ただ、一ついえる事は、山井委員が思い描いておられるような方々、つまりですね、それほど所得が多くない、今全般の中でですよ、働いてる方の中で、あまり所得が多くない方々まで適応することは考えていないわけであります。あくまでも仕事をする労働契約を結ぶ時に、交渉力のある方、「このような職務ならば、私としてはこれは労働契約は結べない」といえるような、そんな交渉能力のあるような方ということでありますから、そのような年収をしっかりと稼げる方であります。

山井:私は、こういうことを聞いているのは、先程も言いましたように、経団連は現に10%少なくとも5千万人の労働者からすれば500万人は適用されるようにと、ということを要望しているわけですね。それで400万円以上という年収要件を7年前に要望をしておられる、実際に。だから私は聞いているわけです。

それで安倍総理も逃げておられるのは、今後は3要件とおっしゃりましたが、3要件の中には肝心の年収要件は入っていないんです。安倍総理、今後も年収要件は、物価の変動とかはいいですよ。それよりも大幅に下がるということはないということで、いいですか?国民はそのことを今、一番知りたがってるわけですから、安倍総理お願いいたします。

安倍:これはあの繰り返しになりますが、この「希望しない人には適応しない」というわけでありますし。また、ポイントの一つはですね、「対象が職務の範囲が明確で高い職業能力を持つ人材に限定」している。そこにポイントがあるわけでございます。その中においてですね、我々は1千万円というだいたい年収の額をお示しをしているわけであります。その言わば、この1千万円というラインにおいて、この3要件というもので、現在考えているわけでございまして。

今後についてはですね、先程来田村大臣もお答えをさせていただきましたように、それはこの全体の賃金水準、あるいは物価動向もありますが、そういうものも勘案しながら、当然それは決まっていくと言うことになるんだろうと思いますが、それであっても、この3要件は変わらないということになるわけであります。

山井:ということは、この3要件には年収要件は入ってませんから、将来的には年収はいくらになるかわからない。ということは、経団連が言っているように400万円以上とか、全労働者の10%ということになる可能性もあるわけですか?

安倍:それはあの将来の予測ですからね、これはわかりませんよ。例えば、国会議員の歳費だってわかりませんよ、10年後いくらになっているか。それは全体のですね、全体の平均収入と関わりがあるわけでありますから、全体の平均収入、果たして今絶対いくらかということは絶対そうだということは明確にはいえないわけであります。

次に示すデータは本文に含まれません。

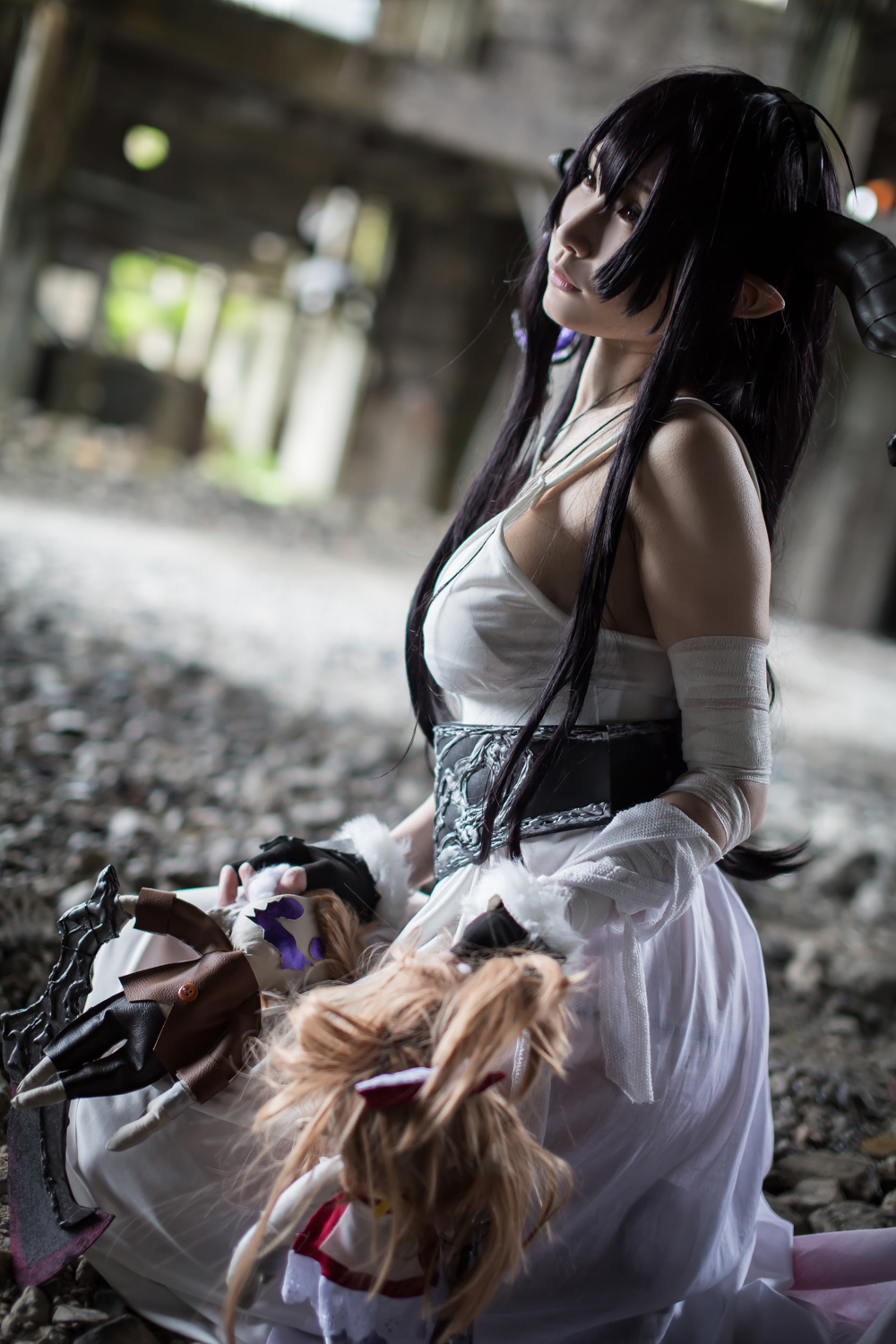 [Suite của tôi] Suite Fantasy (Danua Nalmea)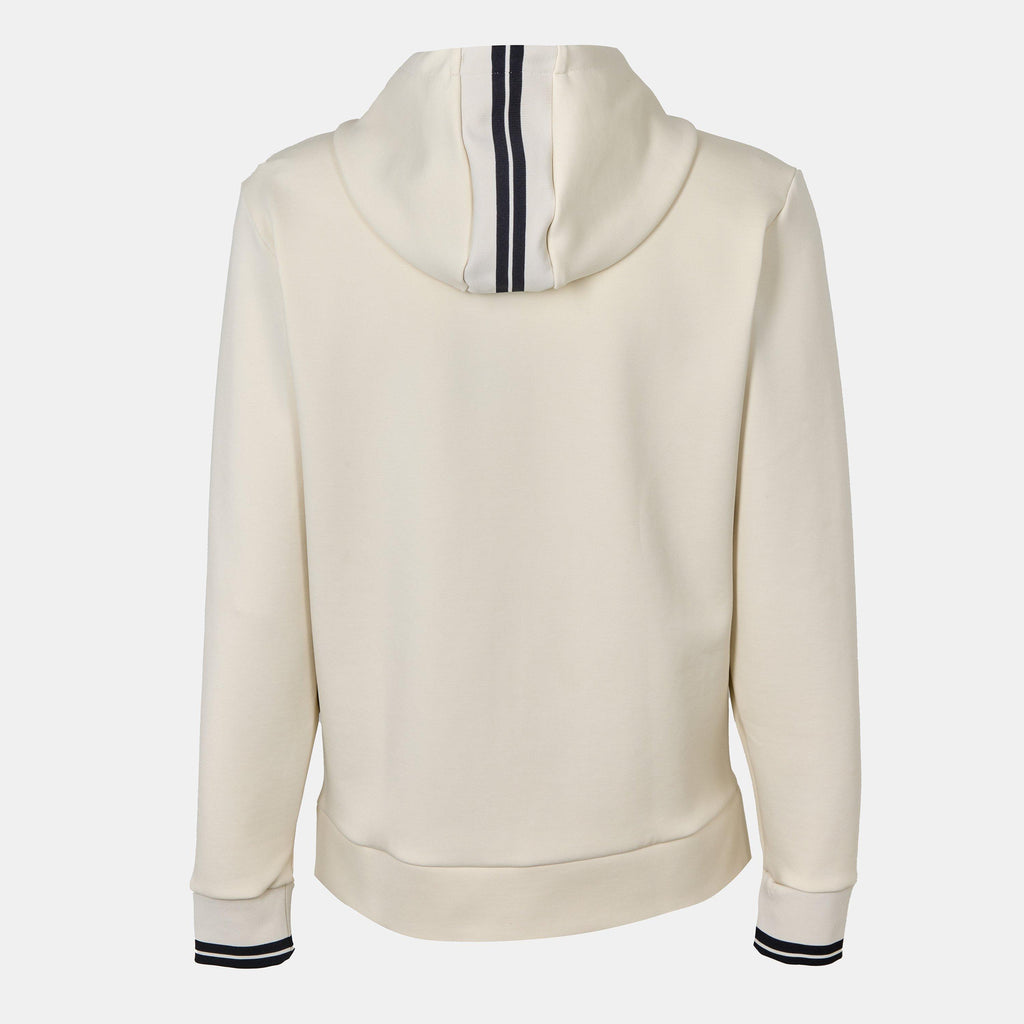 Men's Zip Hoodie, Advanced Stretch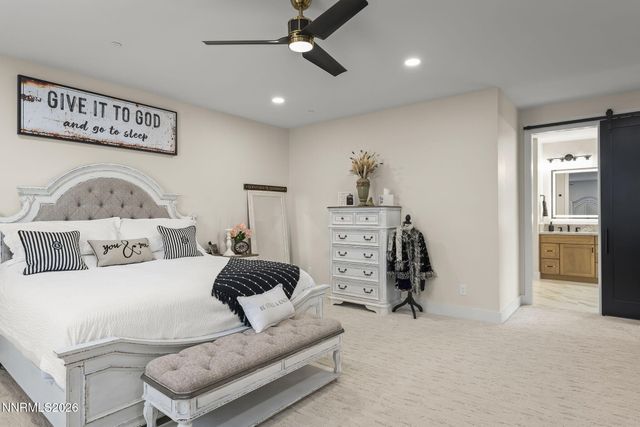 7201 Silver King Drive, Sparks, NV 89436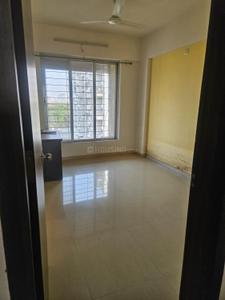 Hall Image of 1550 Sq.ft 3 BHK Apartment / Flat for rent in Govind Nagar Nashik for Rs. 30000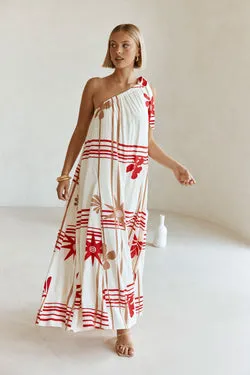 Avani Dress - Moana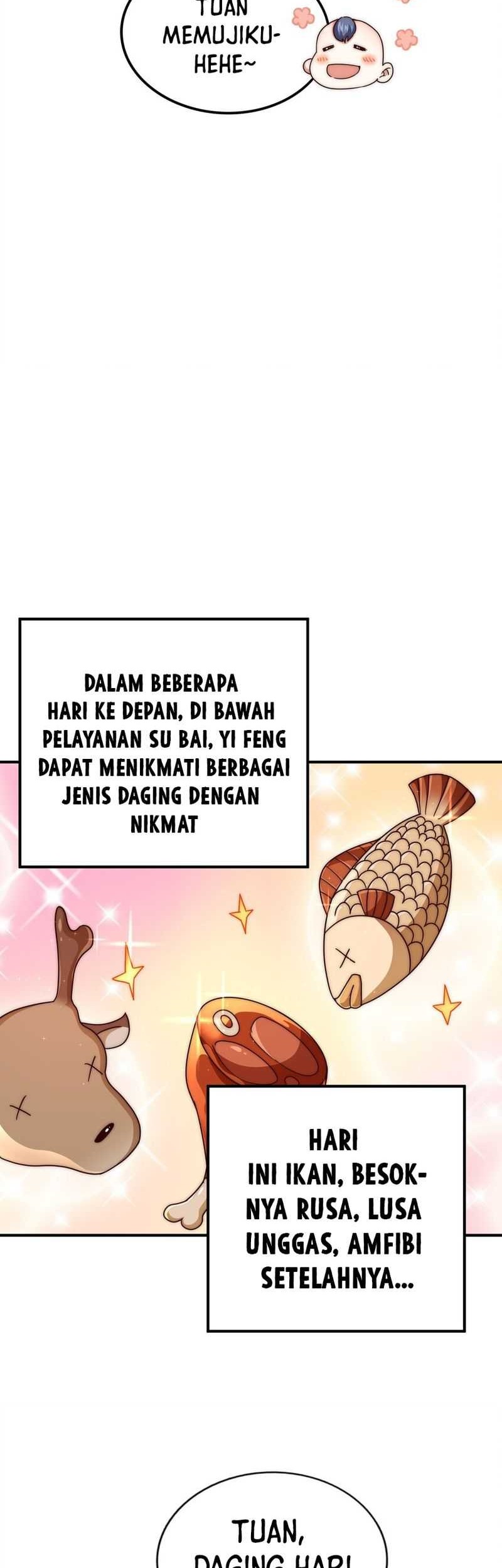 Beyond Myriad Peoples Chapter 237 - halaman 19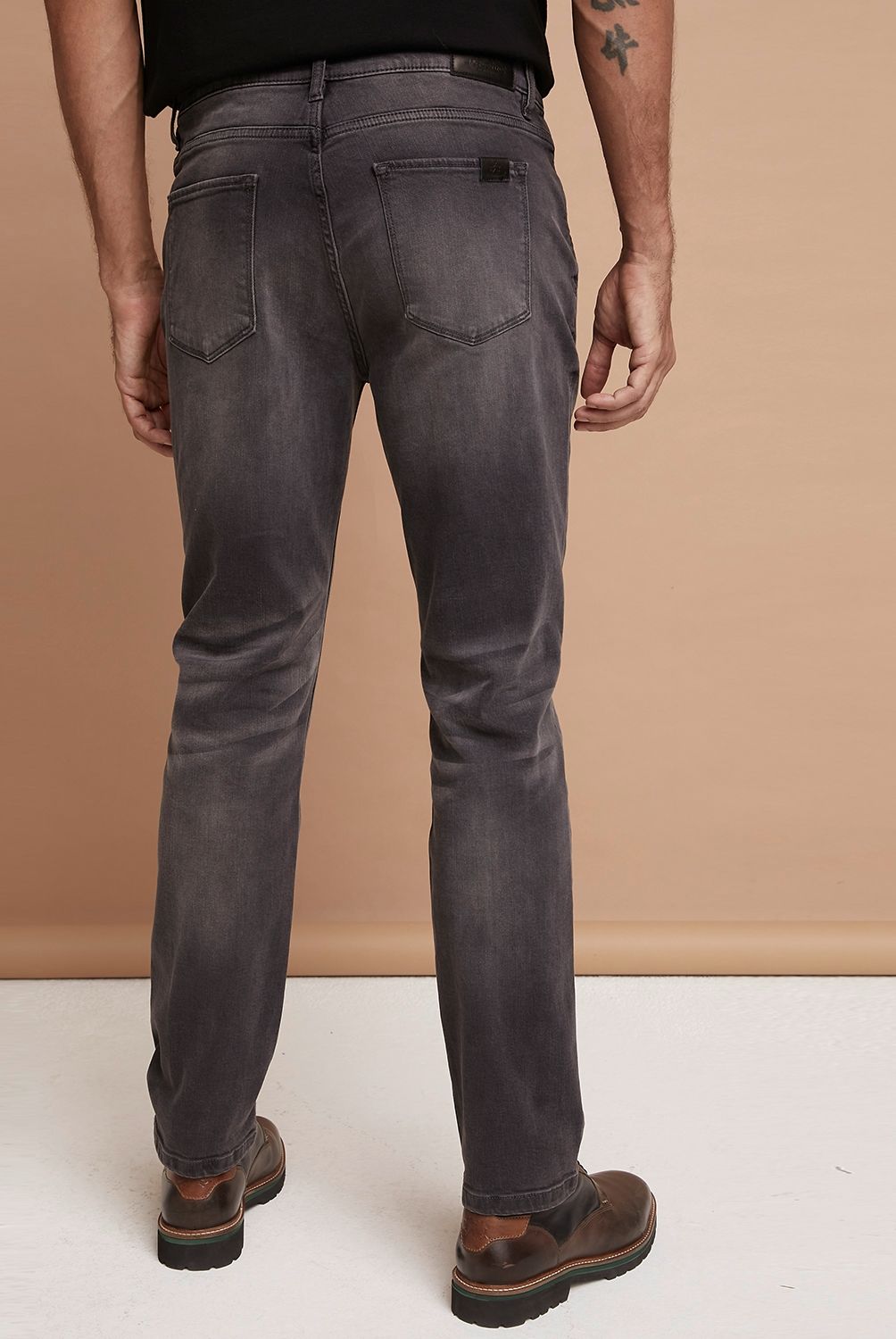LA MARTINA - Jeans Slim Fit Hombre La Martina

もちろん、今おかれている予測値はありますよ。この予測値で、我々がしっかりと2%の物価安定目標を達成をして、3%の成長をしていくということであれば、1千万円を切るという事は、もちろんないわけであります。しかし、それがですね、絶対にそうだとは、「絶対」とは経済においていえないのは当たり前でありまして、そこは市場主義の経済でありますから、それはないわけでありますが、繰り返しになりますが、我々は3要件、経団連の言っていることと、私たちは政府として申し上げていること、そこは違うわけですから、私たちは申し上げている事は3要件の範囲、これは明確であるということでございます。

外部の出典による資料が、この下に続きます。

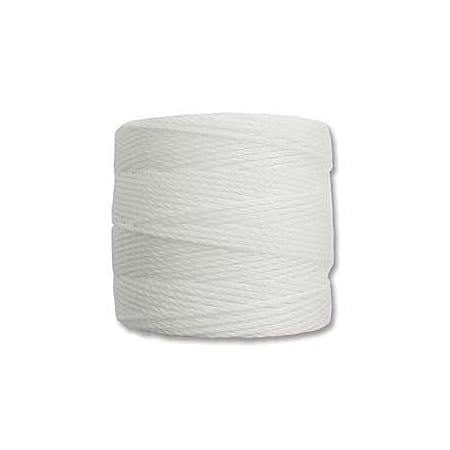 nici-s-lon-tex210-white-0.5mm-perly-toho-beading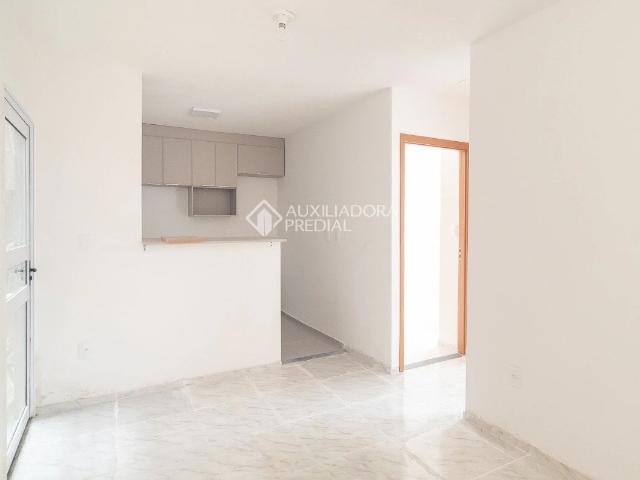 Apartamento para Locação em Porto Alegre/RS Vila Nova 2 Quartos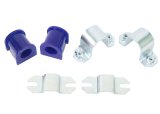SuperPro VW Golf MK 5/6 2WD Front Sway Bar Bushings - 27mm (1.06in) thumbnail 4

山井:3要件、3要件とおっしゃっていますが、重要なのはこの3要件には、ここに書いてあります通り「希望しない人には適用しない」「対象を絞り込む」「賃金が減ることのないように適正な処遇を確保する」ということで、肝心の年収要件は入っていないんです。ですから、改めてお聞きしますが、この3要件、これはっきり言いまして、どうとでも解釈できるんですね。非常にあいまいな定義です。ですから、私も今、安倍総理が将来の事はわからないといったのは非常にびっくりしまた。

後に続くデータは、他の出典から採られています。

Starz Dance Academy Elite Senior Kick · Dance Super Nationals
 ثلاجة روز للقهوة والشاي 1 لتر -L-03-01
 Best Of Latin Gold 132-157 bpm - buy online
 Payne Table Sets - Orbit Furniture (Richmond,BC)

ということは、この3要件には年収要件は入っていないということは、将来経団連が要望しているような10%、500万人程度、あるいは400万円の年収制限ということにもなる可能性があるかもしれないということですか?

安倍:制度の詳細においては、先程申し上げたように今後関係審議会で行うことになります。その審議会で議論を行う際には、先程申し上げました3要件の上に、この詳細な設計を行っていく、ということになります。

山井:安倍総理、今制度の詳細をおっしゃいましたが、年収要件が1千万円なのか400万円なのかは詳細じゃないんです。これは根本なんです。高所得者だけなのか?中所得者まで入るのか?国民が一番不安に思っているのは、ただでさえ今生活が苦しい、また長時間労働がある。その中で、私は高所得者へのこの残業ゼロ制度も反対ですが、中所得者が入ればもっともっと反対ですから。安倍総理、そうしたら将来的にもしかしたら、この3要件に合致したらですよ、中所得者の方も残業代ゼロ制度入る可能性があるということですか?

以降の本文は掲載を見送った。